_SOURCE MATERIAL_
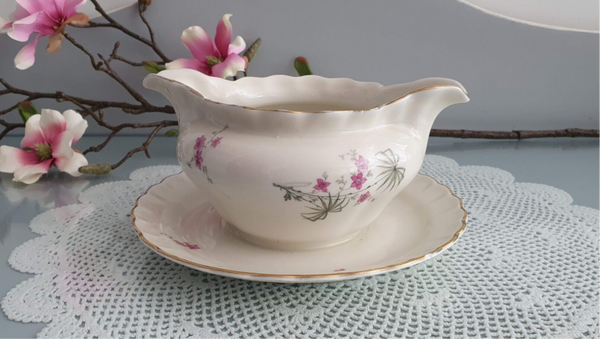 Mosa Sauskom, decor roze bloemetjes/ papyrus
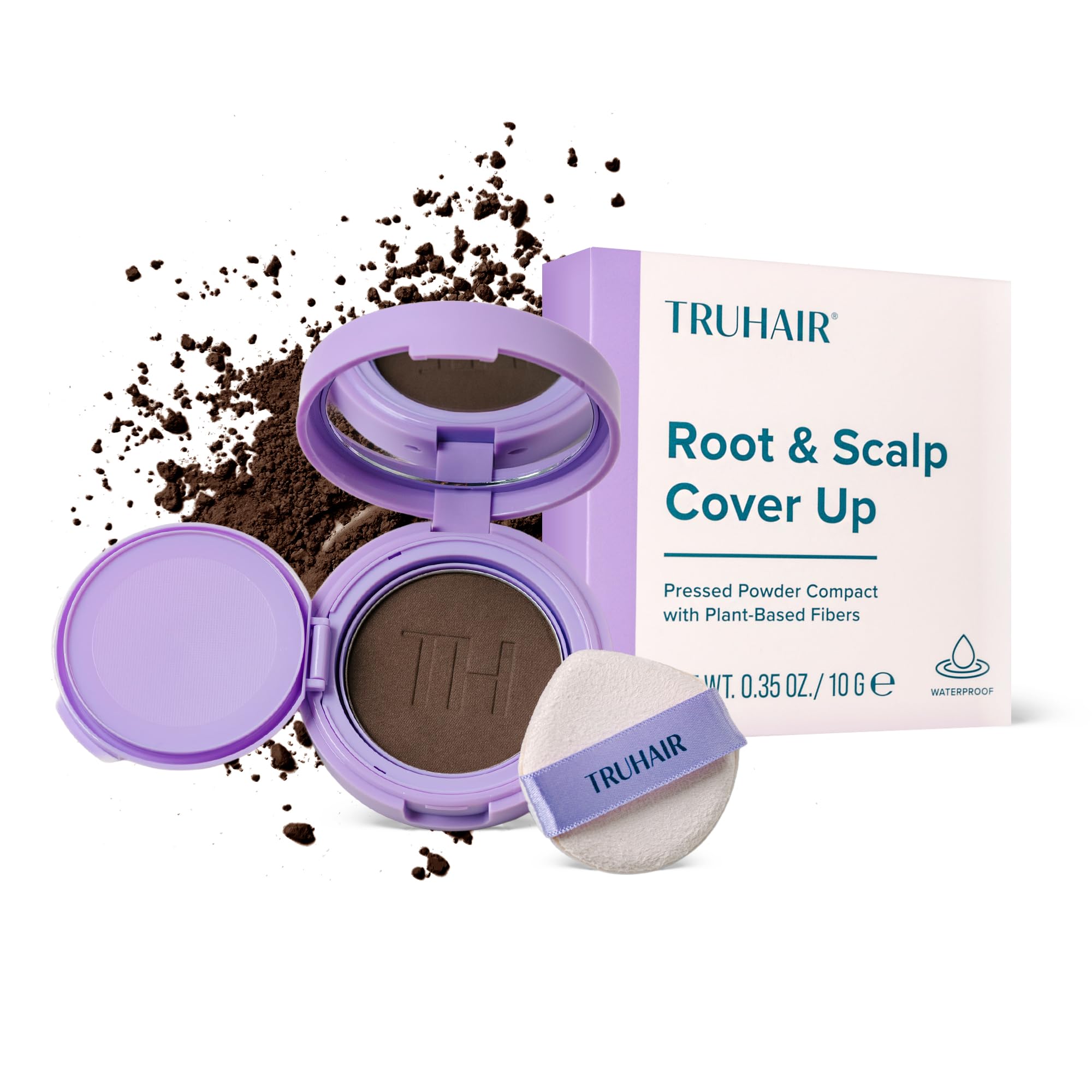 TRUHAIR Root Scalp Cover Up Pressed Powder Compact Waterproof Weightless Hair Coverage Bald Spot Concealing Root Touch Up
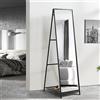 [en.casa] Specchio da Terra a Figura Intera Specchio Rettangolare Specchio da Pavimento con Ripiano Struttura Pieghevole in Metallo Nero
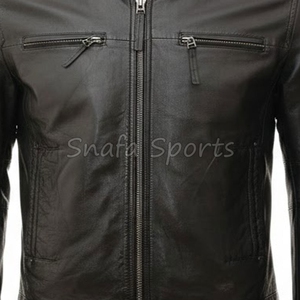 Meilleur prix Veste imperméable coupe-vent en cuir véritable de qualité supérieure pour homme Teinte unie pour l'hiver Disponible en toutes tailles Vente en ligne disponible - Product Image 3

_ACTIVITY_
Write out exactly the lines running from the one with "[en.casa] Specchio da" through the end of the material, both ends included, while leaving the pictures out.

_TASK OUTPUT_
 [en.casa] Specchio da Terra a Figura Intera Specchio Rettangolare Specchio da Pavimento con Ripiano Struttura Pieghevole in Metallo Nero
 Meilleur prix Veste imperméable coupe-vent en cuir véritable de qualité supérieure pour homme Teinte unie pour l'hiver Disponible en toutes tailles Vente en ligne disponible - Product Image 3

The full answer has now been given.